A lot of electronic things right now that kids ask for, yet we still have quite a few little gals that like the Barbies. There’s just so much out there now there doesn’t seem to be any one particular thing that they go for like they used to.

What are the most common questions you get from kids? How do you answer them?

Some of them are real talkative. They want to know where the reindeer are. I say they’re back up there are at the North Pole waiting for the big night. And then they ask me how I got there, and I say a friend lent me their vehicle.

Have you ever had a kid cry or say, “You’re not the real Santa”?

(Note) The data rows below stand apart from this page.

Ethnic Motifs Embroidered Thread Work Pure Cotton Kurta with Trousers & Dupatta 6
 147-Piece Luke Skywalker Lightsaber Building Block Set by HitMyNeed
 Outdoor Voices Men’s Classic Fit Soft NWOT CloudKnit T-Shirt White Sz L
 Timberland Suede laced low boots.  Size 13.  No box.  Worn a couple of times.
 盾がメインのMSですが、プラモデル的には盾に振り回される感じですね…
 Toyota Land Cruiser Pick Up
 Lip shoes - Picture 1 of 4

Once in a great while. I’ve been pretty lucky. I’ve had my grandkids, one of them has been my elf for quite a few of the years. Sometimes these kids come in and they’re absolutely terrified with Santa. My elf helps me out. Sometimes they’ll go to Mrs. Santa when they won’t go to Santa. I’ve got several hand puppets I bring along. Sometimes I bring out one of the hand puppets and that kind of breaks the ice. 

When you deliver presents on Christmas Eve, do you bring someone along or is it just you and the reindeer?

I’ve gotta have help. You’ve always have to have an elf.

Do you have a favorite part of the season?

I would have to say probably parade night is the highlight of everything. Seeing all the kids and everyone enjoying themselves – their smiling faces and waving. I always tell them when they come in to see Santa that they have to be sure to wave at Santa or they can’t come to the parade.

Do you have a favorite Christmas song? 

The carol that I’ve got my own part in is “Rudolph the Red-Nosed Reindeer.” I’m usually busy handing out candy canes when they’re singing, but when they sing “Rudolph the Red-Nosed Reindeer,” they stop and Santa goes on with his little solo: “Rudolph with your nose so bright, won’t you guide my sleigh tonight?”

What is the first thing that Santa does as soon as Christmas is over? Does he go on vacation?

He sacks out. (Laughs.) I’m usually exhausted by the time I get done with it. I have some things I do on the side. We have a mentor program in Chippewa that really is successful, and Mrs. Santa and I appear at that. We do a thing at the library, too.

Beards seem to be a popular fashion statement these days. Does Santa have any grooming tips?

We had to get a new beard a few years ago, so we had a beard fund going. The beard I have is made out of yak hair. The beard and hairpiece ran about 500 bucks. One of the beauty shops here, the Styling Post, fixes up my beard every year.